## Directions
Reproduce, word for word, every line starting at the line that contains "Chaqueta de invierno" and ending with the final line of the entries.

## Data under study
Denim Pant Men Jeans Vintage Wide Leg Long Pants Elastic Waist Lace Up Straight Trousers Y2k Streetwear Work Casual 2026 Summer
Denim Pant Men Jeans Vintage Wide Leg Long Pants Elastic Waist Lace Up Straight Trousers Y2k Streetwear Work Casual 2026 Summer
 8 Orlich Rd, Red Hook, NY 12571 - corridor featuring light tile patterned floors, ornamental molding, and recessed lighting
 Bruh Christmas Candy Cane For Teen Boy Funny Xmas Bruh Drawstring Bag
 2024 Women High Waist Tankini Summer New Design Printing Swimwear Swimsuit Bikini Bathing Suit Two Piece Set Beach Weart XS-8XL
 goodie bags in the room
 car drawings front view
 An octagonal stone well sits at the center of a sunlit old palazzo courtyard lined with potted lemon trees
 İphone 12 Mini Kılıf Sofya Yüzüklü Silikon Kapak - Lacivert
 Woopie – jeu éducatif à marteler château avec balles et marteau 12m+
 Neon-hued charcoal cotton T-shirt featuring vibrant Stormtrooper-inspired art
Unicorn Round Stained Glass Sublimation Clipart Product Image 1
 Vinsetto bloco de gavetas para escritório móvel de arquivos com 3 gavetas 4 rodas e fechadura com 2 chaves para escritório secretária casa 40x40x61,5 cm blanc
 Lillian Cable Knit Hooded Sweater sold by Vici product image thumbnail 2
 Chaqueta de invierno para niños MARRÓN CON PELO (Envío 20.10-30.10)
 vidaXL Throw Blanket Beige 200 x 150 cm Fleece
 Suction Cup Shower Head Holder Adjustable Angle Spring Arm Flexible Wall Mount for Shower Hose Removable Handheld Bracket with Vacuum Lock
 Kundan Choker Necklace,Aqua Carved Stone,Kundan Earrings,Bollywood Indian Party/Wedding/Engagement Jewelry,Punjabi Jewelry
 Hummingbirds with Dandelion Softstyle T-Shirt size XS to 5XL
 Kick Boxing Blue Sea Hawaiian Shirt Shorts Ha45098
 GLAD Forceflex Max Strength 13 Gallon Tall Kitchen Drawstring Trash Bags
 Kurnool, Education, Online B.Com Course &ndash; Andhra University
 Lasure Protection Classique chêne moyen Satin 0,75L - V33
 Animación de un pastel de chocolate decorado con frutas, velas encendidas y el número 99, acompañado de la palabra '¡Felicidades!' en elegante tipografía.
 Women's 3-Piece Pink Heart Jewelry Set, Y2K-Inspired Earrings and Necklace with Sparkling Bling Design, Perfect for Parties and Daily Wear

## Output
 Chaqueta de invierno para niños MARRÓN CON PELO (Envío 20.10-30.10)
 vidaXL Throw Blanket Beige 200 x 150 cm Fleece
 Suction Cup Shower Head Holder Adjustable Angle Spring Arm Flexible Wall Mount for Shower Hose Removable Handheld Bracket with Vacuum Lock
 Kundan Choker Necklace,Aqua Carved Stone,Kundan Earrings,Bollywood Indian Party/Wedding/Engagement Jewelry,Punjabi Jewelry
 Hummingbirds with Dandelion Softstyle T-Shirt size XS to 5XL
 Kick Boxing Blue Sea Hawaiian Shirt Shorts Ha45098
 GLAD Forceflex Max Strength 13 Gallon Tall Kitchen Drawstring Trash Bags
 Kurnool, Education, Online B.Com Course &ndash; Andhra University
 Lasure Protection Classique chêne moyen Satin 0,75L - V33
 Animación de un pastel de chocolate decorado con frutas, velas encendidas y el número 99, acompañado de la palabra '¡Felicidades!' en elegante tipografía.
 Women's 3-Piece Pink Heart Jewelry Set, Y2K-Inspired Earrings and Necklace with Sparkling Bling Design, Perfect for Parties and Daily Wear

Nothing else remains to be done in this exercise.